Because it's nice to say things in a slightly different tone and because I wish I had the personal resources to write to you each directly. This is from an email I wrote recently.
Things are fine here. George still likes the environment because things are growing and there are no layoffs so everyone is happy. Regin is still loved and adored by everyone who sees him, and of course by us.
We haven't learned hardly ANY Malay. We've learned lots of Malaysian English though. We want to learn Malay, but we just haven't done it yet. Plus our finances are pretty tight, and we have very little for travel.
What else? After writing [for the blog] it's hard to have anything else to say. So when people ask me how things are here, I'm like.... uuuhhhhhhhh.... and I go kind of spacey. Life here is reasonably good, but so lacking all of our loved ones. We've made some new friends, but they so don't fill the void. I'm not really lonely though, just aware that I'm limited in my ability to hang out with who I want, and chat with buddies, etc..
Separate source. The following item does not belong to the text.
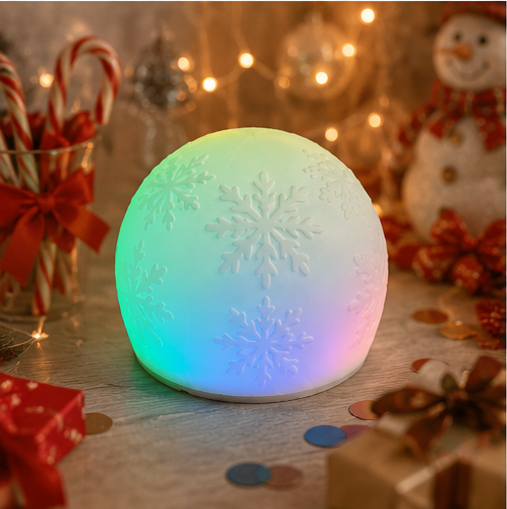Child squeezing WattBubble soft silicone Christmas sensory light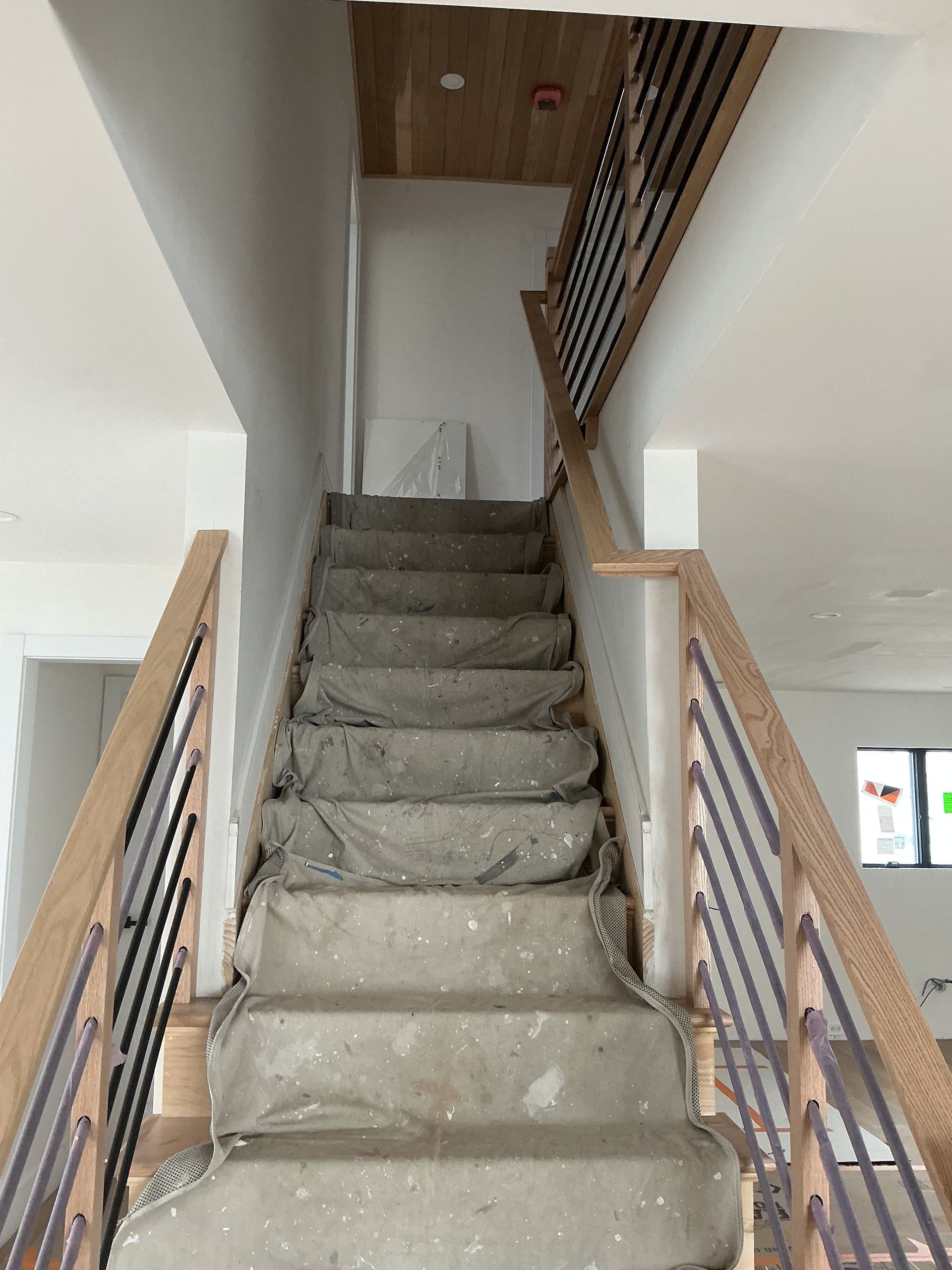 Narrow indoor staircase with gray carpet and wooden railings leading to an upper floor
Our place is nice, we've done some nice things with it, but we've run out of money so it's still kind of empty. The kitchen still grosses me out and I still haven't put all our pots and pans and dishes away because some of the cabinets are smelly. Plus there are geckos running everywhere and leaving poops behind. Sometimes the ants make me want to run through the streets screaming like a crazy person because I can't take it anymore. And then there are cockroaches. I found a cockroach leg in our washing machine and I almost couldn't stand to take out the rest of the laundry in case there were other body parts in there.
I think I'm used to life here though, for the most part. Used to it enough that I think it'll already take me a little adjusting to come back. I think I will become depressed at how dull Denver is when we move back (after the excitement of ease of finding things has worn off). But it will be nice to not spend so much time photographing, editing photos and writing about everything that is happening in our lives. I won't know what I'll do with that spare time!
6 comments:
Come on, is Denver really that boring ... I think that's a little unfair. The population has experienced a 13% increase since 2000 ... people are moving here for some reason ... and people stay here for some reason.
Suburbia ... boring ... absolutely.
BUT you'll be happy to know there is a very nice Sushi restaurant on I25/144th. There is also a new plaza that is almost complete at 128th/Holly AND the lot on the corner of 120th/Holly is being slated for some new development AND there is a Vitamin Cottage going up at 116th/Washington AND there is a Stapleton-like development slated for 140th-ish and Quebec.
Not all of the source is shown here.